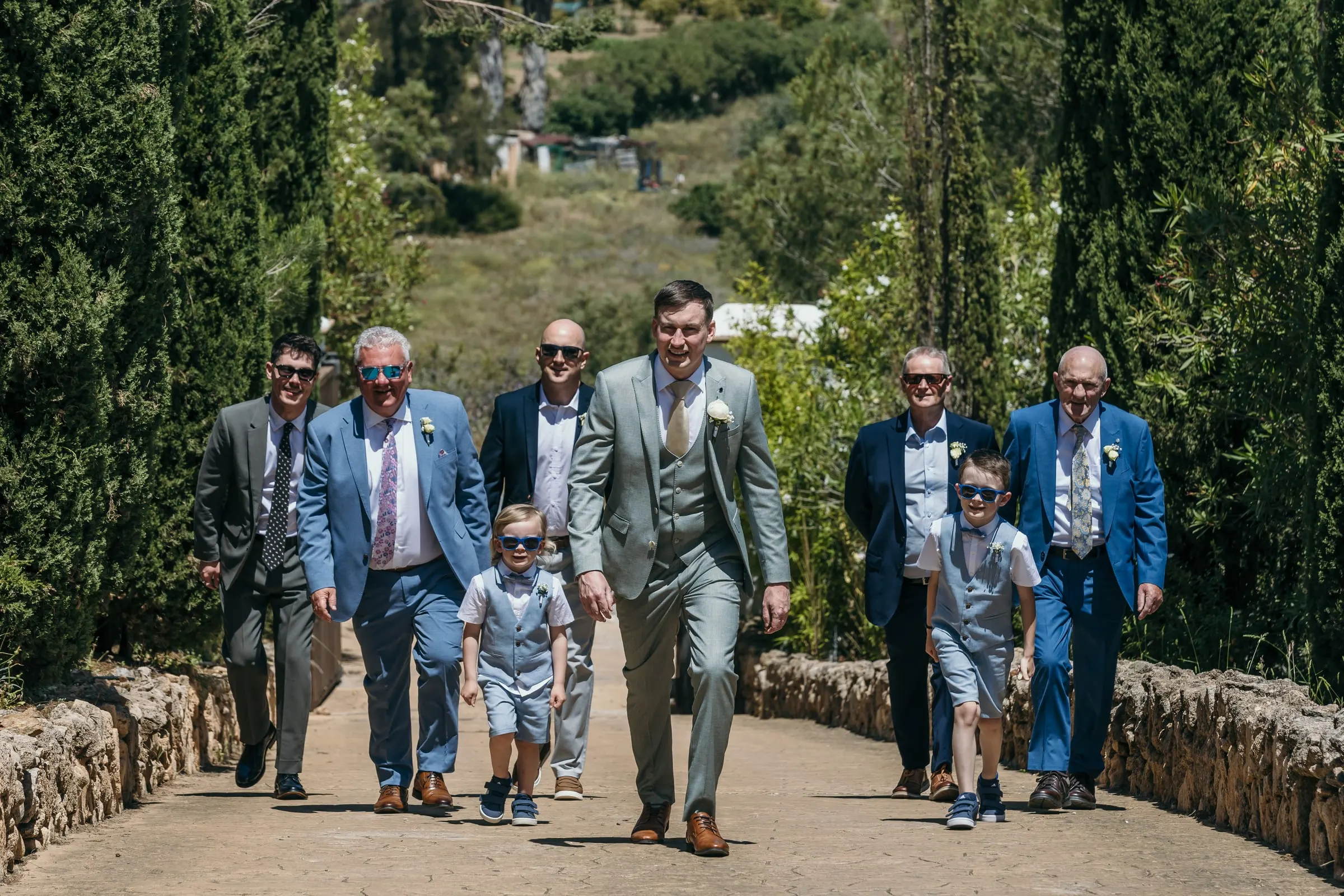 El novio y sus amigos bajan por el camino de muros de piedra, Hacienda San José, Mijas
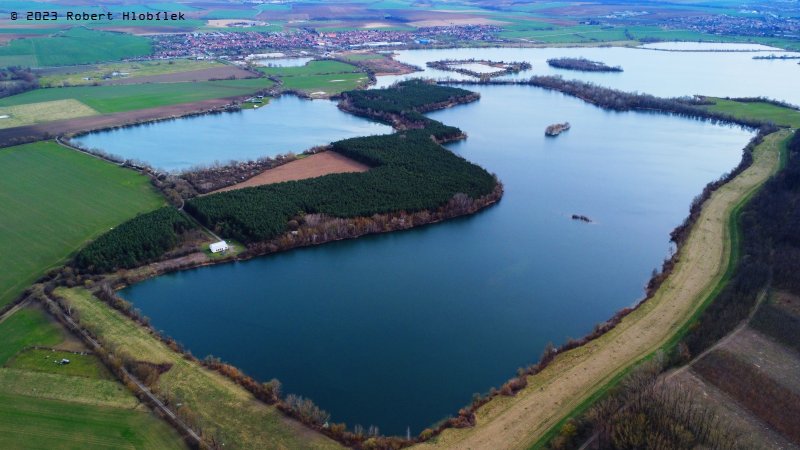 Štěrkopískové jezera Ostrožská Nová Ves z dronu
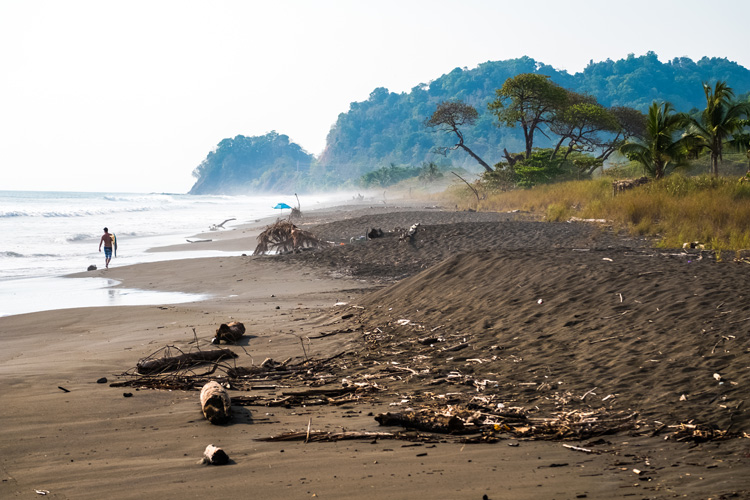 Playa Hermosa: a surf haven with plenty of barrels and punchy lips | Photo: Shutterstock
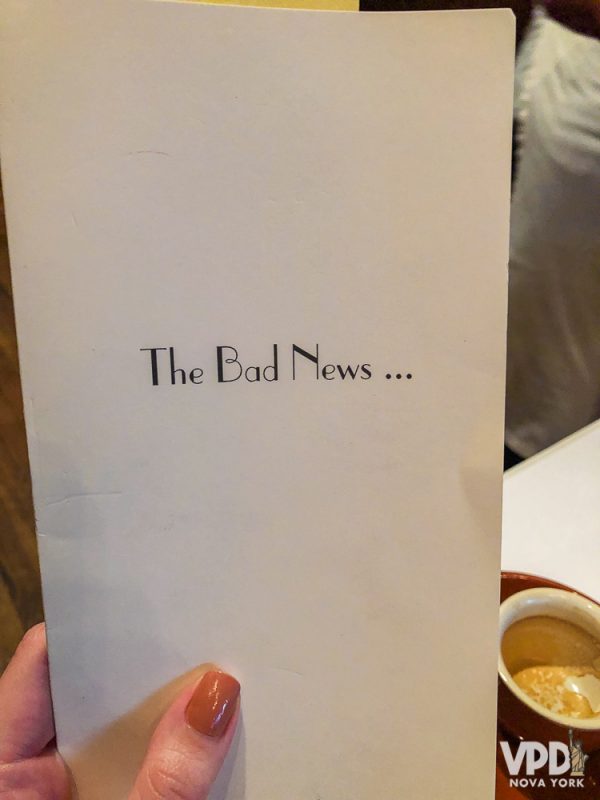 Foto da conta de um restaurante de Nova York, dentro de um envelope que diz "The bad news..." 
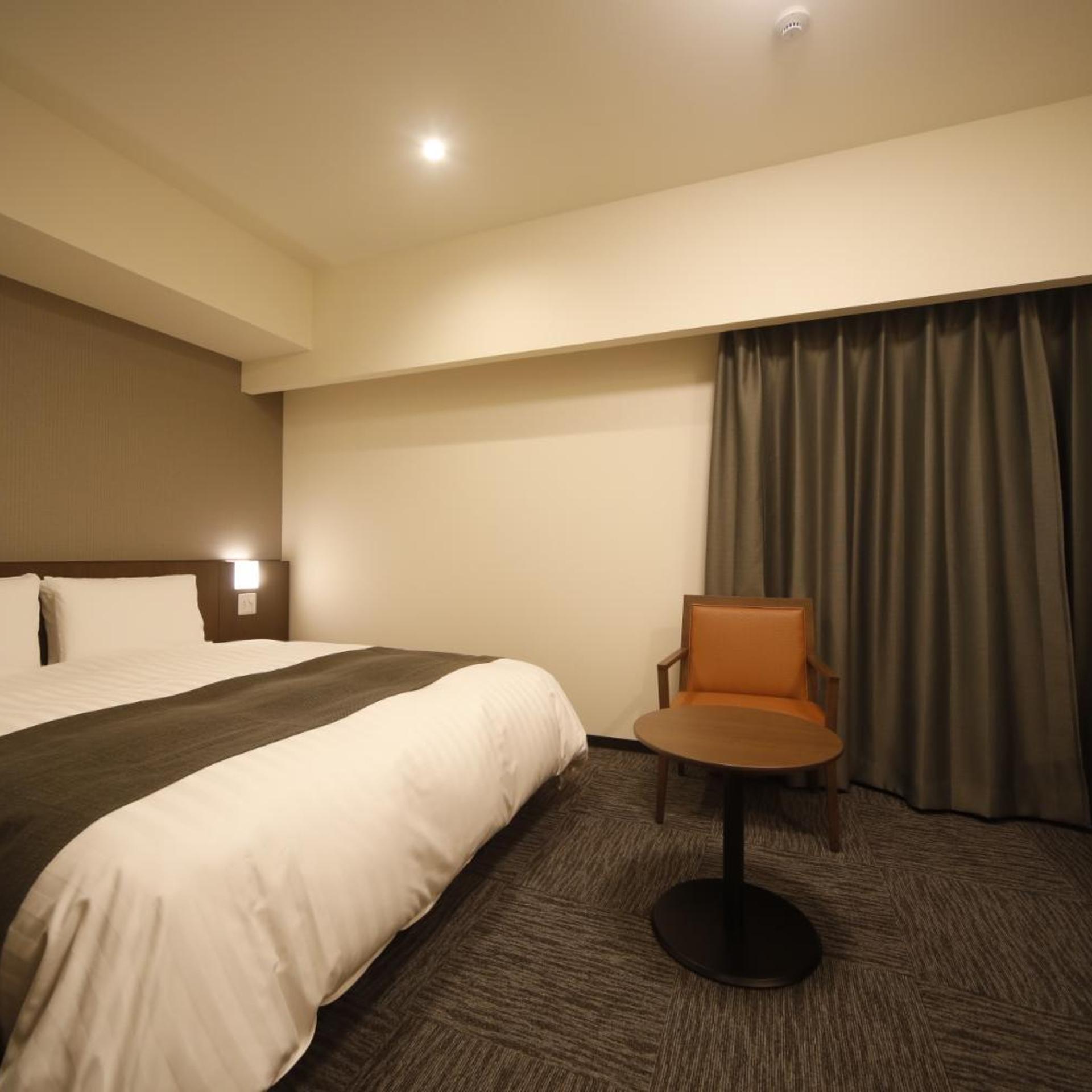غرفة بسرير كوين مع أريكة، Dormy Inn Oita 5/9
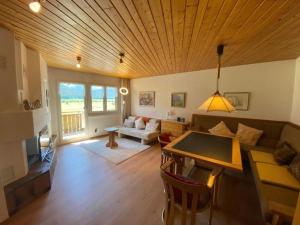 ein Wohnzimmer mit einem Sofa und einem Tisch in der Unterkunft Chesa Florineth  Studio ÖV und Bergbahnen inklusive Sommer in Samedan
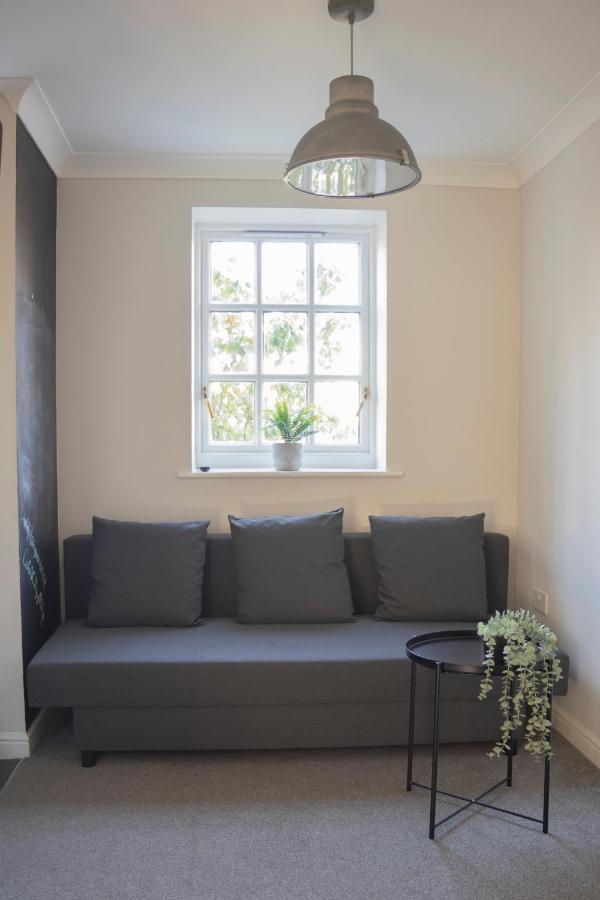 Lovely 3-Bedroom Apartment In Colchester Exteriör bild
::::::
■ THE TASK: The records need to be restated word for word, minus any images.

■ RESPONSE:
 El novio y sus amigos bajan por el camino de muros de piedra, Hacienda San José, Mijas
 Štěrkopískové jezera Ostrožská Nová Ves z dronu
 Playa Hermosa: a surf haven with plenty of barrels and punchy lips | Photo: Shutterstock
 Foto da conta de um restaurante de Nova York, dentro de um envelope que diz "The bad news..." 
غرفة بسرير كوين مع أريكة، Dormy Inn Oita 5/9
 ein Wohnzimmer mit einem Sofa und einem Tisch in der Unterkunft Chesa Florineth  Studio ÖV und Bergbahnen inklusive Sommer in Samedan
 Lovely 3-Bedroom Apartment In Colchester Exteriör bild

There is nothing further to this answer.